In concreto: Francia e Germania resterebbero dominanti a Bruxelles (von der Leyen è in carica fino al 2029) e sarebbero quindi nelle condizioni di manovrare a vantaggio proprio e degli altri “volenterosi” i parametri della “vecchia Ue”, riservandosi la massima severità nell’applicazione dei parametri ordinari ai “non volenterosi”.
In estrema sintesi, Macron pare proporsi come gestore egemone di 800 miliardi fra fondi di coesione Ue dirottati, risparmi e capitali raccolti “in Europa” (City compresa). Sarebbe l’Eliseo – assieme a Londra – ad avere ruolo centrale nello smistamento delle commesse per la nuova difesa europea. Queste andrebbero prevedibilmente a sostenere l’industria nei soli Paesi “volenterosi”, cui Bruxelles potrebbe sospendere “ad nationem” i parametri di stabilità finanziaria.
L’Europa “volenteriosa” – ma alla fine tutta – si ritroverebbe responsabile geopolitica “non allineata” della protezione dell’Ucraina, protraendo un stato di guerra (anche economica) con la Russia, che non coinvolgerebbe più alcun altro Paese del pianeta. Dovrebbe schierare un “esercito europeo” mai collaudato e comunque sotto la guida ferrea di generali francesi (i soli targati Ue) e inglesi. Trump avrebbe prevedibilmente buon gioco nel registrare atto che gli europei “fanno da soli”, fidandosi del solo ombrello nucleare anglo-francese, senza più bisogno delle forze Usa.
È il gioco tentato da Volodymyr Zelensky nello Studio Ovale sette giorni fa. Il presidente ucraino ha raccolto l’abbraccio e l’applauso del summit di Londra, ma ha poi fatto rapidamente marcia indietro. Non rinuncerà tuttavia alla passerella di un ennesimo vertice “europeo” già messo in agenda dal frenetico Macron per il 12 marzo.
PS: a rischio di dietrologia, non sembra inutile segnalare come Macron, Draghi e Merz vantino tutti solidi legami con la finanza americana. Il presidente francese si è fatto le ossa come banchiere d’affari in Lazard, l’ex premier italiano è stato partner di Goldman Sachs nell’intermezzo fra la direzione generale del Tesoro e il richiamo al vertice Bankitalia; il cancelliere tedesco entrante è stato capo della controllata tedesca di Blackrock, il più grande gestore globale di fondi con 130 miliardi di dollari di “potenza di fuoco”.

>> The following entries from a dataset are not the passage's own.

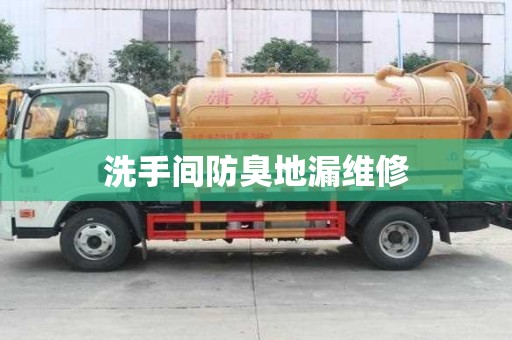 洗手間防臭地漏維修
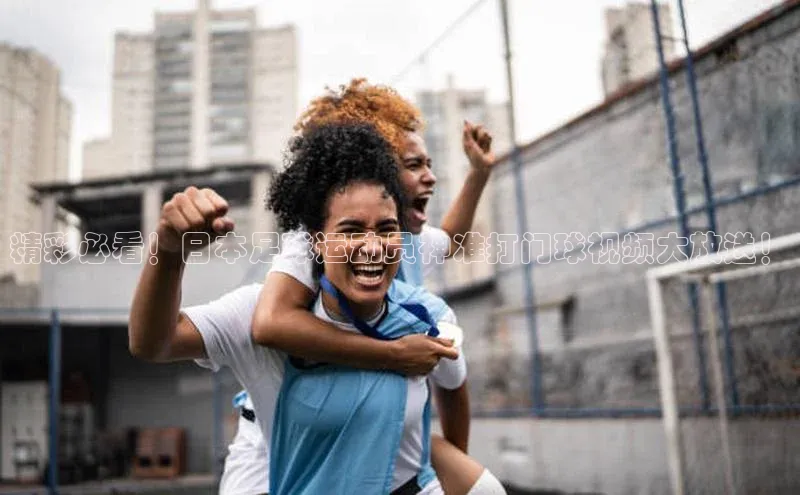 意昂体育3娱乐用176五八27从华扬联众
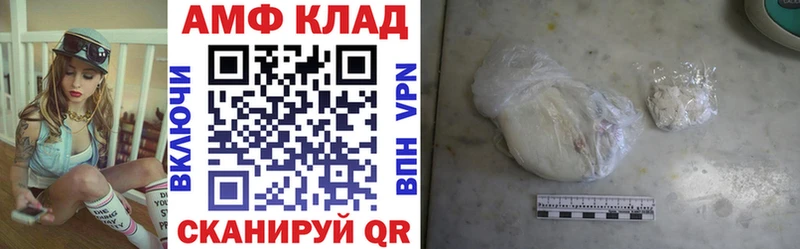 Amphetamine 98%  Петушки 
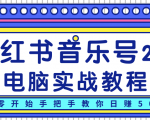 柚子小红书音乐号2.0电脑实战教程，从零开始手把手教你日赚500+-最全资源库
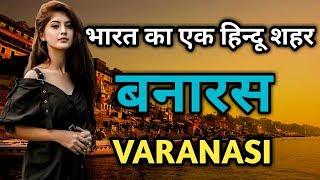 Do watch this video of Banaras once. Amazing facts about Varanasi in Hindi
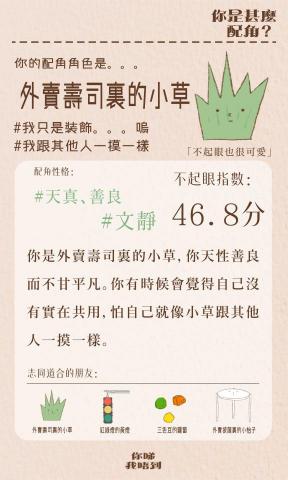 Jenny - 心理測驗結果插圖#排版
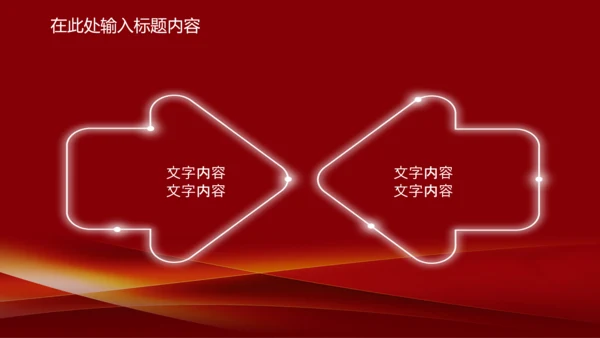 演讲颁奖典礼主持话筒音乐晚会动态PPT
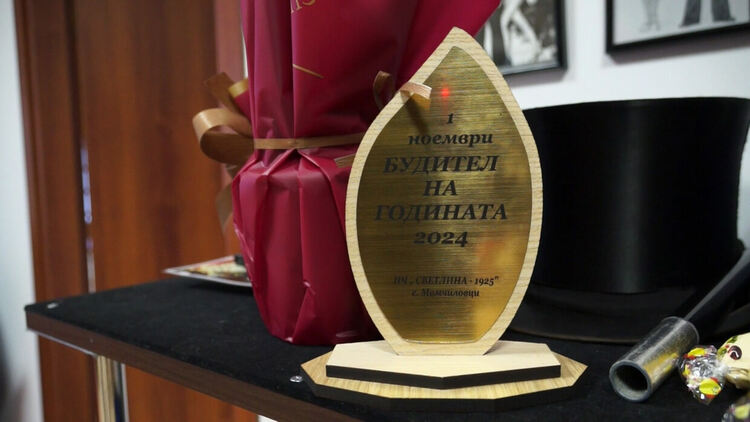 Илюзионистът Ненчо Илчев бе отличен като Будител на годината в с. Момчиловци
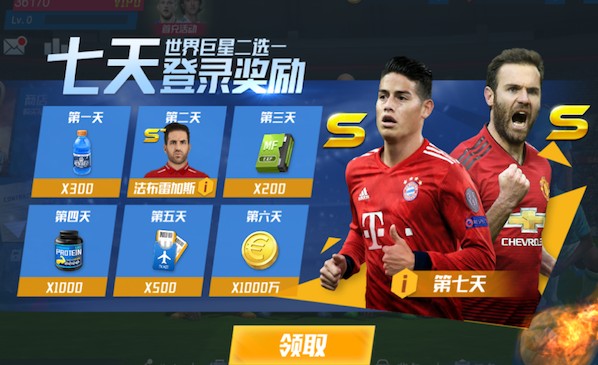 罗马诺：国米接近与穆哈雷莫维奇谈妥个人条款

Tutte istituzioni storicamente in buoni rapporti – oltre Atlantico – più con il mondo dem che con quello repubblicano. Certamente, oggi, non alleate della Casa Bianca di Trump. Tutti capitani di una finanza tradizionale sempre più timorosa dello strapotere montante di Big Tech, compatto dietro Trump: anzitutto nel campo delle criptovalute.